Wave 1 was a 4x6 postcard with a clear headline ("Your next oil change is due in [month]") and a personalized vehicle line + last-service mileage. The CTA was a single offer: $5 off with the card, no appointment needed, in-and-out average 22 minutes. The simplicity was the strategy — quick-lube is an impulse decision when the windshield mileage hits the trigger; the card needs to surface as the trigger reminder, not pitch a complex story.
Wave 2 dropped at week 4 to non-responders only with different creative — a 'we'll check your tires while you wait' angle that emphasized the no-extra-time inspection. The Wave 2 design was tested on the attach-history segment — the playbook recommended that the upsell-positive copy would land better with customers who'd already shown attach behavior. There was no phone follow-up; quick-lube customers don't take service calls. Total: 3,200 pieces, 7-week campaign window.
Campaign timeline
- Week 0
- Database export, 60-day-due filter, 2-segment split.
- Week 1
- Wave 1 drops (2,000 cards). $5 off + vehicle-specific reminder.
- Week 2-4
- Visits flow. 22 oil changes booked from Wave 1.
- Week 4
- Wave 2 drops (~1,200 cards) to non-responders. Tire-check angle.
- Week 5-6
- Tail visits. 10 incremental oil changes from Wave 2.
- Week 7
- Final tally: 32 visits, $1,640 in attach revenue (tires + filters + wipers).
Results
Response rate
1.6%
on 3,200 pieces
Conversions
32
0 calls connected
Revenue
$2,560
first-attributable
ROI
1.4x
on $2,220 cost
Thirty-two visits across 2,000 unique vehicles — 1.6% response, in the middle of the 0.8-2.5% auto-direct-mail range. Average oil-change ticket $54 with $5 discount applied: $1,568 in oil-change revenue. The campaign's saving grace was attach rate — 18 of 32 visits added tires, air filters, or wipers, generating $992 in attach revenue. Total visible revenue: $2,560.
Campaign cost ran $2,220 — $1,920 in postcards (3,200 at $0.60) and $297 in Pro plan, with negligible labor cost (no follow-up calls). The 1.4x first-visit ROI is honest and it's tight — quick-lube is a low-margin, low-response category and a discount-heavy offer compresses margin further. The owner's defensive view: 24 of the 32 customers had been at risk of going to the chain three blocks over, and the campaign retained them in his rotation. Year-2 retained-revenue projection ($54 ticket × 4 visits/year × 24 retained customers = $5,184) brings effective annual ROI to 3.5x. This is a defensive recall, not an aggressive growth lever — and the math reflects that.
“I almost didn't run the second wave because the first-wave numbers were tight. But I had a chain on my doorstep undercutting me by $15 — running the campaign was cheaper than losing the customers.”
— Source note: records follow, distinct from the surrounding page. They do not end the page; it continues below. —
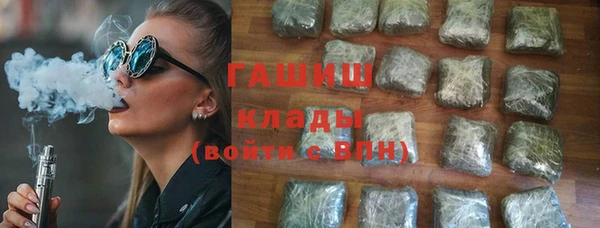 скорость Гусиноозёрск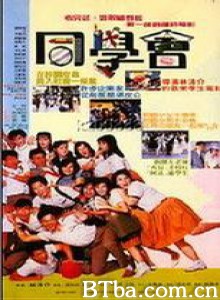 同学会/隔壁班的男生2-720p|1080p高清bt种子下载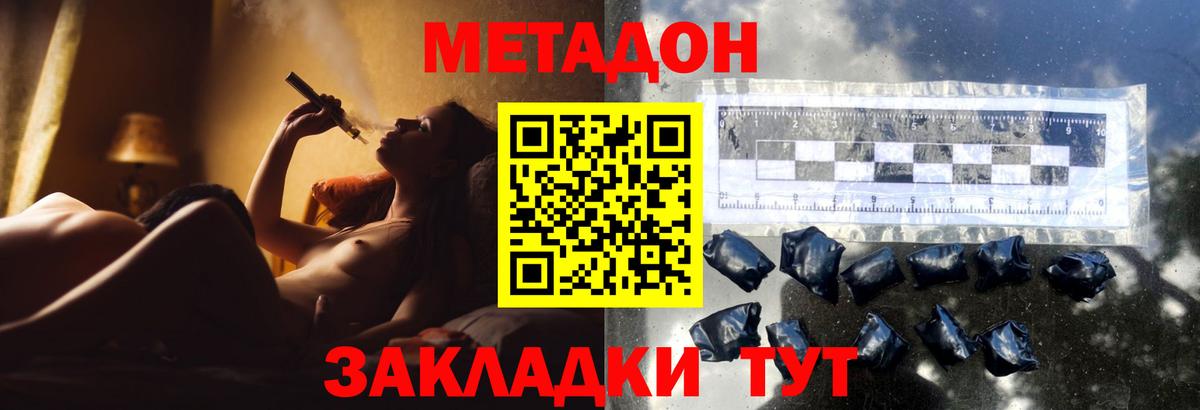 Метадон methadone  Вход с VPN  Гудермес  МЕТАДОН VHQ 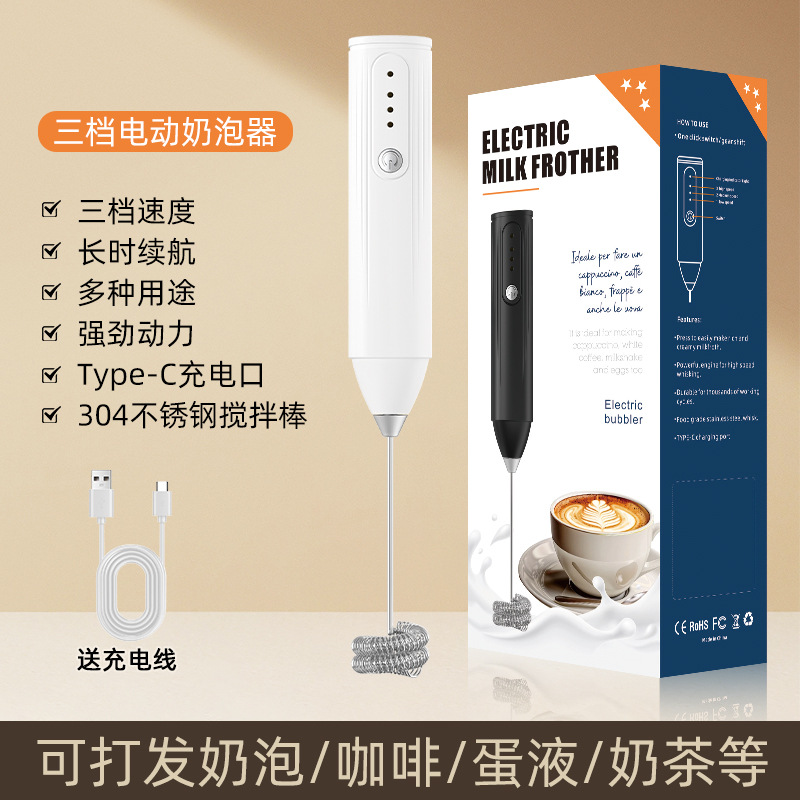 신형 5호 우유거품기 화이트(충전식 모델)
— Owner, Quickline Oil & Lube (composite illustration)
What we’d do differently
- Discount-only offers are hard in this category. Next campaign we'd test a free tire-pressure check and brake-light bulb top-up instead of $5 off — service signal beats discount in low-trust quick-service categories.
- Attach-history segmentation moved the needle on Wave 2. The attach segment converted at 2.4% to Wave 2 vs. 1.1% for the oil-only segment — worth weighting future mailing volume to attach-positive history.
- Vehicle-specific reminder copy was useful but mileage was a stretch — most customers don't remember their last-service mileage. We'd drop the mileage reference in favor of "about [month]" timing on next iteration.